• Goal of the exercise
Where in the data does the word "Main" appear? Find those lines and copy them.

• Short descriptive text snippets
· · ·
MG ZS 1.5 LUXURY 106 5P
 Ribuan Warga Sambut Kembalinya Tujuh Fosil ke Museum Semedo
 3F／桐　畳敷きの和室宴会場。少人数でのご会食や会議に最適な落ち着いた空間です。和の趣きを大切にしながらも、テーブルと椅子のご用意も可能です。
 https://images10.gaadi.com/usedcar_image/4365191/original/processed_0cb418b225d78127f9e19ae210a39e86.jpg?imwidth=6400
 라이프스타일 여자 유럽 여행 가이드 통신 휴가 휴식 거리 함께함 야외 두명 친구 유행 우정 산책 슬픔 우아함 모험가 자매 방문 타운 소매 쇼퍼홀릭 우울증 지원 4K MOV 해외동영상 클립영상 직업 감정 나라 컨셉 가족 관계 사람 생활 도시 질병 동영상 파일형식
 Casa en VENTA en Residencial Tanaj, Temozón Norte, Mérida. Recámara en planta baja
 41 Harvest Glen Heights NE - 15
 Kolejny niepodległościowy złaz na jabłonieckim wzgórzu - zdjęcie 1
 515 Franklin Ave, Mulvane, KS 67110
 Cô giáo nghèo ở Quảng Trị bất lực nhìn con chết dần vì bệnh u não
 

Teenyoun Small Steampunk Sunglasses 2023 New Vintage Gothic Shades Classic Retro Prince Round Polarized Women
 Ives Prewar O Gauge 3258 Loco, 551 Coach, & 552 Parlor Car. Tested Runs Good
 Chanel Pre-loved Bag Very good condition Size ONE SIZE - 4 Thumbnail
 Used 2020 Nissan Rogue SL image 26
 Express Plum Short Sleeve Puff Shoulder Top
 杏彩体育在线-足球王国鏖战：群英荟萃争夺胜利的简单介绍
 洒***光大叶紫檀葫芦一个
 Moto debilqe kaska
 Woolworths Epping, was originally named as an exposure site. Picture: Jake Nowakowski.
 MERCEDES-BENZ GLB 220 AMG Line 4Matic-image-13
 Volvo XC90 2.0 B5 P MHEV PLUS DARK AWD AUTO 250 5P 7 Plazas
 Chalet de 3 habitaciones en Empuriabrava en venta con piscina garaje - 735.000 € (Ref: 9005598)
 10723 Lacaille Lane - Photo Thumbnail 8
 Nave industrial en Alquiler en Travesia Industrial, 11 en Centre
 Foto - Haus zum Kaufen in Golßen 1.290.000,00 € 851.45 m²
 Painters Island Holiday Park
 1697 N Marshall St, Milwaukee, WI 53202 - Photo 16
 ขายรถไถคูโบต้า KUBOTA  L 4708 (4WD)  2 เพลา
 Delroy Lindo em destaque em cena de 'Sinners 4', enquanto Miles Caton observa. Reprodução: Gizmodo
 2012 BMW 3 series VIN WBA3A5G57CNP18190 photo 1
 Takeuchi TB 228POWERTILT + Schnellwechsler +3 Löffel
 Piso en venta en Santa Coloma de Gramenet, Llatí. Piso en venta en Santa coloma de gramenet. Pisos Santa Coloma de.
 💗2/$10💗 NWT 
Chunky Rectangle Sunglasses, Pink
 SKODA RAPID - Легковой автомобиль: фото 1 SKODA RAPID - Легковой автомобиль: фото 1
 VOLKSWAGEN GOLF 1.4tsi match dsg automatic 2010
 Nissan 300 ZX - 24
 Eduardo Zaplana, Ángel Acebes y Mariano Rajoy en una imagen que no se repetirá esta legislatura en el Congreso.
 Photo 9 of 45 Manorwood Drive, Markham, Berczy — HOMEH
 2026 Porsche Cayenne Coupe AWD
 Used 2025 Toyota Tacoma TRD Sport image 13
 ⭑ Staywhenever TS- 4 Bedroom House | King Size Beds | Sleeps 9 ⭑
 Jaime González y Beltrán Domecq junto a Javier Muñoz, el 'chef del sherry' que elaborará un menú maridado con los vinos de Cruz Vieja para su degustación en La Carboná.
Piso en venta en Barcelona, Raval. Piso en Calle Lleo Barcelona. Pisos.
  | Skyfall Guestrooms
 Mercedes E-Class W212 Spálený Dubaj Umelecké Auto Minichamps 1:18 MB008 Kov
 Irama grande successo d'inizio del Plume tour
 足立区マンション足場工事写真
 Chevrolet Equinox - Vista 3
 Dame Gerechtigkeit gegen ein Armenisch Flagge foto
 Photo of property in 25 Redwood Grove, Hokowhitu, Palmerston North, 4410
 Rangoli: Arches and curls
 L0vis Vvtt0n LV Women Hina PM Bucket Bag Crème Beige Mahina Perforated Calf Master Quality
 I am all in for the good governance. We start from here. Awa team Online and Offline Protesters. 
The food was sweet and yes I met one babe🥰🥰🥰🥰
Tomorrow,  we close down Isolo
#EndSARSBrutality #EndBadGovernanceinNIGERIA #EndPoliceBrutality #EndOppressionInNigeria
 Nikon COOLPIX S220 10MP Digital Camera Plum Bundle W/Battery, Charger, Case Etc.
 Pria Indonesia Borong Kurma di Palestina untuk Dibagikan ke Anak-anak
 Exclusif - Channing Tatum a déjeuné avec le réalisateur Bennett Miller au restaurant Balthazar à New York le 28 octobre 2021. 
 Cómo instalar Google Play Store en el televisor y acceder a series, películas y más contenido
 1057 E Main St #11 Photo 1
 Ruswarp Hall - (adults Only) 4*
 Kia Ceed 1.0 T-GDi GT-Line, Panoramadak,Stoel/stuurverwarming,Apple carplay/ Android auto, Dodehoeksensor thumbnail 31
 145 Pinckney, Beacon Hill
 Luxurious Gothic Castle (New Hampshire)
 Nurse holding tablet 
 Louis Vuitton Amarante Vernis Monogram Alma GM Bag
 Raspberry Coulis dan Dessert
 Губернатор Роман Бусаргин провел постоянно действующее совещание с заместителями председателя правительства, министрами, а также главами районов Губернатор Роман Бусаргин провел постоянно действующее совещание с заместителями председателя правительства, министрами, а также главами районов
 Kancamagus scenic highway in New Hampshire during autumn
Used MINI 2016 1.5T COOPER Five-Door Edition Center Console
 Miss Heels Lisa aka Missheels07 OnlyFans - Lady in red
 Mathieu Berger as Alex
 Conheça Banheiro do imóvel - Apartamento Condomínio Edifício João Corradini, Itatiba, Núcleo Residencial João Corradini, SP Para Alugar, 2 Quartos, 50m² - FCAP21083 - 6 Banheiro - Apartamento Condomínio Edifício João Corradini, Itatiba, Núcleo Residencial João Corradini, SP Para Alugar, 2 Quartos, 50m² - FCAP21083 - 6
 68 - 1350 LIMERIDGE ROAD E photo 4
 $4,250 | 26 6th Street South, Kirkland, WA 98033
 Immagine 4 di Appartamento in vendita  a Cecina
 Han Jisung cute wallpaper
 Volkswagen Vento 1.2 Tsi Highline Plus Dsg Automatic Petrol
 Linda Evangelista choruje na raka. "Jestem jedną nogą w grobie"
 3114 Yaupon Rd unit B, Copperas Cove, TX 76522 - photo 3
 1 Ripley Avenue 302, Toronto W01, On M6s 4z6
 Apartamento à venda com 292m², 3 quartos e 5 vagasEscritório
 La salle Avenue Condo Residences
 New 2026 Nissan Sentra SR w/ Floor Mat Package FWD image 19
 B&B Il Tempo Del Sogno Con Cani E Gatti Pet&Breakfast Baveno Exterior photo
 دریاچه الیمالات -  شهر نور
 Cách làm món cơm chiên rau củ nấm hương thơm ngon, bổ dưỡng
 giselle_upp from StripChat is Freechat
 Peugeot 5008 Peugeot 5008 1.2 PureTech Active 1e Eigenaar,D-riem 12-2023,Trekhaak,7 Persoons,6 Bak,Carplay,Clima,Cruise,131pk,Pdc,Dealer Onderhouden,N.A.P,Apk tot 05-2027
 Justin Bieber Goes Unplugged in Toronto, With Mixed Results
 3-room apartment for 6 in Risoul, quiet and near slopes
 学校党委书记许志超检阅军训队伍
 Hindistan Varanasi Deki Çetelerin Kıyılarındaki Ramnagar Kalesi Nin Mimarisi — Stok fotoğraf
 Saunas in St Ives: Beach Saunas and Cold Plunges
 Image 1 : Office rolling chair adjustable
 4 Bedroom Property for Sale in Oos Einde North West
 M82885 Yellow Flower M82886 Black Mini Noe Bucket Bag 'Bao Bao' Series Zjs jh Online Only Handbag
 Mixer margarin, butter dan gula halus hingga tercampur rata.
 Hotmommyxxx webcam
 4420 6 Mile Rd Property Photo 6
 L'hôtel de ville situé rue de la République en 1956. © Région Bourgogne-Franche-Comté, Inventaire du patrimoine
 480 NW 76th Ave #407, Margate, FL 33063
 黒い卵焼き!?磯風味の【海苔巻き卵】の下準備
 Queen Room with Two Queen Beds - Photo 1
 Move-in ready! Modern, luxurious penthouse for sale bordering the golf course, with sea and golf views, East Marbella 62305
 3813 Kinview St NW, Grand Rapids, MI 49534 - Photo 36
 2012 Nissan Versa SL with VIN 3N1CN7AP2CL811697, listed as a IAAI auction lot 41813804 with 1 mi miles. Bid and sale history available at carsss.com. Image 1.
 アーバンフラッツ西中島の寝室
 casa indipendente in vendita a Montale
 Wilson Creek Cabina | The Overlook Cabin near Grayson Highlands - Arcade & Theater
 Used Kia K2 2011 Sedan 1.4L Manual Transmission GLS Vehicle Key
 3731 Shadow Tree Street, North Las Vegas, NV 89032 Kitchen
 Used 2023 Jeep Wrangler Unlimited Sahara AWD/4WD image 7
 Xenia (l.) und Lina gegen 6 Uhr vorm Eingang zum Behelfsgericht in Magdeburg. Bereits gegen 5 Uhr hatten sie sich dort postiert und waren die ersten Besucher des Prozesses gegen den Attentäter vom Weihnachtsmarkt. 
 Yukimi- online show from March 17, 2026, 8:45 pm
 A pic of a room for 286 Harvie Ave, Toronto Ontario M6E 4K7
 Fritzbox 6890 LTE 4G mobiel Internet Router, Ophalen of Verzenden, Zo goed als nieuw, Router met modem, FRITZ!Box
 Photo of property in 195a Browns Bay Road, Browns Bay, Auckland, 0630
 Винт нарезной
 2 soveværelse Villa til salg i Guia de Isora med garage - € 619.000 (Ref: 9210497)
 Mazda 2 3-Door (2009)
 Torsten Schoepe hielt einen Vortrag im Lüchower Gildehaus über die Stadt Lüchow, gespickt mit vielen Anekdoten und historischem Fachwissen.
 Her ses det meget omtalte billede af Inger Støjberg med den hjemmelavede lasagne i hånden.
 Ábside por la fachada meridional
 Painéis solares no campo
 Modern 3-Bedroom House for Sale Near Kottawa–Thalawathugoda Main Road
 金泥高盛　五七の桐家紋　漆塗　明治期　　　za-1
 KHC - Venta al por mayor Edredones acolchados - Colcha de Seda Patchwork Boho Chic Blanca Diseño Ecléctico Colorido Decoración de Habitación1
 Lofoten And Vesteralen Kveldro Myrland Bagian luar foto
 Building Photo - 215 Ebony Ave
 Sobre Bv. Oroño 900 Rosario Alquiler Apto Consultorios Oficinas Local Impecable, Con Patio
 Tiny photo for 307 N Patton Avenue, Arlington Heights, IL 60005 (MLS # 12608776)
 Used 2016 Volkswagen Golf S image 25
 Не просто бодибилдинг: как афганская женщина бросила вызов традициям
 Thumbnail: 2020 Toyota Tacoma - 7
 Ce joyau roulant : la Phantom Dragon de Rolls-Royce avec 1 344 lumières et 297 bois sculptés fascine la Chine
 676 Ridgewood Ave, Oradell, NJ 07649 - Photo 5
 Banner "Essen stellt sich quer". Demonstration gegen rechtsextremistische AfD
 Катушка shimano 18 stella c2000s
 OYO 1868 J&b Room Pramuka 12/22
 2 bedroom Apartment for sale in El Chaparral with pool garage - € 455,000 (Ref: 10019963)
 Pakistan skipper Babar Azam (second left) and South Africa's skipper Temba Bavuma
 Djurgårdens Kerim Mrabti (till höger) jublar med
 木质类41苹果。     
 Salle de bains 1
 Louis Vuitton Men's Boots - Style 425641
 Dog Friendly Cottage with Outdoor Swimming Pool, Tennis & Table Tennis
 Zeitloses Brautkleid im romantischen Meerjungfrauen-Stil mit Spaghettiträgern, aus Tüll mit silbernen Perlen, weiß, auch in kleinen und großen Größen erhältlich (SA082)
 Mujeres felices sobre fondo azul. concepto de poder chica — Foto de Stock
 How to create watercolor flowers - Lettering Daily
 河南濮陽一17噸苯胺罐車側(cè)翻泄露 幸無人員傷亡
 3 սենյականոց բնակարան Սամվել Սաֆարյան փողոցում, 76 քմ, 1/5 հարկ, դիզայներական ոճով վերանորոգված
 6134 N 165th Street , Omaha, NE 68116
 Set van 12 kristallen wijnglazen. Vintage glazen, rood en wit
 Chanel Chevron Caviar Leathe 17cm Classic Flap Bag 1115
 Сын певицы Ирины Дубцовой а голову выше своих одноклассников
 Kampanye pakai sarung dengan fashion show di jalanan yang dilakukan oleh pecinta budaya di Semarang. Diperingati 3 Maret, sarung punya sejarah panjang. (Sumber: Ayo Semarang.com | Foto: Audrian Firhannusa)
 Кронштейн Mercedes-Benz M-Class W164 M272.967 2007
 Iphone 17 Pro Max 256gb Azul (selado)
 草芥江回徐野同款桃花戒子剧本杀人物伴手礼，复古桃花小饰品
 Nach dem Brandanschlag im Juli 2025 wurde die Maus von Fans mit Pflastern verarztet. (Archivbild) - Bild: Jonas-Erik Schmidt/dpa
· · ·
• Answer
 1057 E Main St #11 Photo 1
 Modern 3-Bedroom House for Sale Near Kottawa–Thalawathugoda Main Road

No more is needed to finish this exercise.